Closed bwplotka closed 4 years ago
Some potential issue is that overlaps are not handled really well: https://github.com/thanos-io/thanos/pull/2400/files
It can be something related to fact that GitLab is using Store GW in HA without loadbalancer (querying both in same time), so the data is duplicated and unsorted (chunks) for sure.
@bwplotka We initially reproduced the issue with direct to Prometheus sidecars, not Store GW. These are in HA pairs as well.
Got some test data from @SuperQ so hopefully will be able to repro locally :hugs:
Fingers crossed :crossed_fingers:
Looks like it is dup of https://github.com/thanos-io/thanos/issues/1326 - let's continue discussion there.
Actually let's not be so sure, this might be different (here deduplication does not cause it)
@SuperQ this repro is so amazing. can explore all details. Definitely we have overlapping and unsorted chunks. We should be able to find a problem in our algorithm soon, thanks!
BTW... I kind of overengineered (as you can imagine) and wrote thanos tools storeapi serve --json=<file x>
which can serve JSON (protobuf based) and as Store API :tada:
So I can get your file (actually anything generated by grpcurl
and put into thanos tools storeapi serve --json
, run querier and connect storeapi serve
as --store, and see your results:
Tooling looks like it works, but I think we don't have enough chunks to repro it :thinking:
Tried all sorts of time ranges, steps and rate ranges.. no luck:
All good everywhere...
cc @SuperQ , can you send me bit wider time span? :thinking: is this for sure time span you can reproduce the problem with? What if this is caching, some layer above Thanos Querier?

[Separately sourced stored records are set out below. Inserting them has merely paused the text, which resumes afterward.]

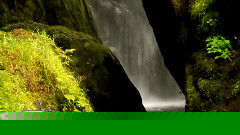 The Sound of Nature...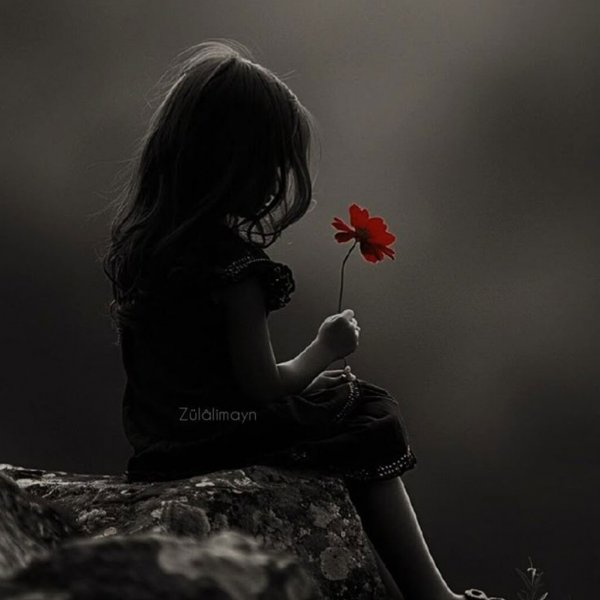 عکس هنری نقاشی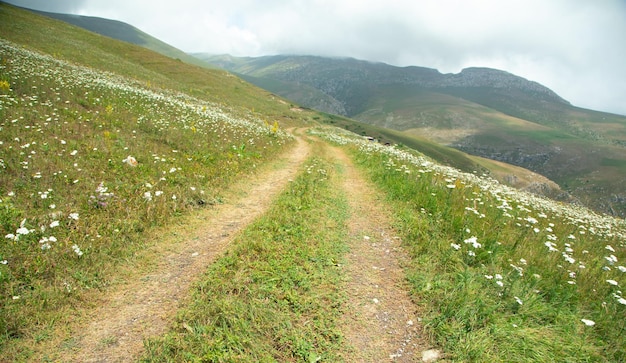 Camino de tierra en la naturaleza Armenia Verano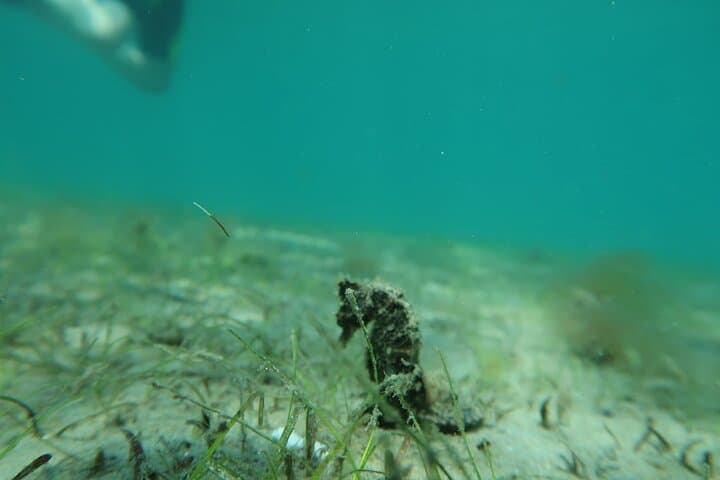 Private Luxury Snorkel Tour in West Palm Beach — Expert Instructor & Wetsuits Included photo 5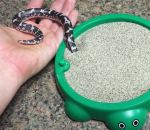 jouet tete sable Un serpent joue dans un bac à sable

Here's another data sample that reproduces it. The time range to reproduce is this:
rate(gitlab_transaction_cache_read_hit_count_total[30m])
When I turn off dedupe, the issue goes away:
I don't see full data @SuperQ (you gave only half of it I think), but I can repro :tada:
Investigating
Step does not matter, it's deduplication bug:
Finally, found cause https://github.com/thanos-io/thanos/pull/2528
Essentially there are 3, exactly the same overlapping chunks with stale markers. For some reasons counter iterator, deduplication or bounded iterator does not handle this well.
Found root-cause, described minimal repro case: https://github.com/thanos-io/thanos/pull/2528#issuecomment-620659141
Closing https://github.com/thanos-io/thanos/issues/1326 as duplicate, now we know for sure.
Not super clear how to fix the issue long term (: Some deep dive https://docs.google.com/spreadsheets/d/13A8ChunqbVdRq9j5kqrtfzknO6mvVFQPUkXwUiBuV_4/edit?usp=sharing
Let's say they scrape the same counter from the same application.
Accounting resets correctly in generic deduplication algorithm data is really hard as presented in this spreadsheet. This is due to a different view of END value for each counter by different replicas (different scrape time!).
Crafting a deduplication algorithm when we know it's counter metric is quite trivial. The problem is... we don't know. So ideally we need a generic dedup algorithm for replicas.
Any ideas @brancz @brian-brazil @beorn7 @SuperQ ? (:
The current idea is to actually have special deduplication for counters. Generally, we don't know what metric is a counter on the offline level (unless it's downsampled data, then we know). However, for query part it's clear. It is counter if rate
func was in hints from PromQL. So we can use special counter-based dedup.
On offline rewrite / deduplication level, for raw data, we have no idea what type is. However, for a quick win, we, for now, could just not worry about offline dedup yet and just solve query issues.
Then we can maybe for the offline figure something else. Maybe generic dedup that will work for those, or something that will base on _total
metric name (but that's sketchy)
Or... we should collaborate on different dedup algorithm for future. Maybe scrape interval based? (downside: What if scrape interval changes)
Help wanted for review!
(downside: What if scrape interval changes)
That's not common, but you could depend on noone having a scrape interval over 2 minutes as that's not sane for other reasons.
That's quite good idea :+1: (for https://github.com/thanos-io/thanos/issues/2547)
It actually saddens me that Prometheus “by design” doesn't really cope with scrape intervals >2m. I'd love to see future Prometheus versions lifting that arbitrary limit, and I'd therefore prefer if Thanos didn't bake in that limit into its own design, too.
Interestingly, I'd also love to see future Prometheus version to have 1st class support for metric types. That would then also solve your problem of how to safely recognize a counter.
Found by GitLab, we were investigating offline with @SuperQ
Their issue: https://gitlab.com/gitlab-com/gl-infra/infrastructure/-/issues/9293
This can be only reproducible with large rates
[30m+]
which means it has to do with chunks ordering or overlaps.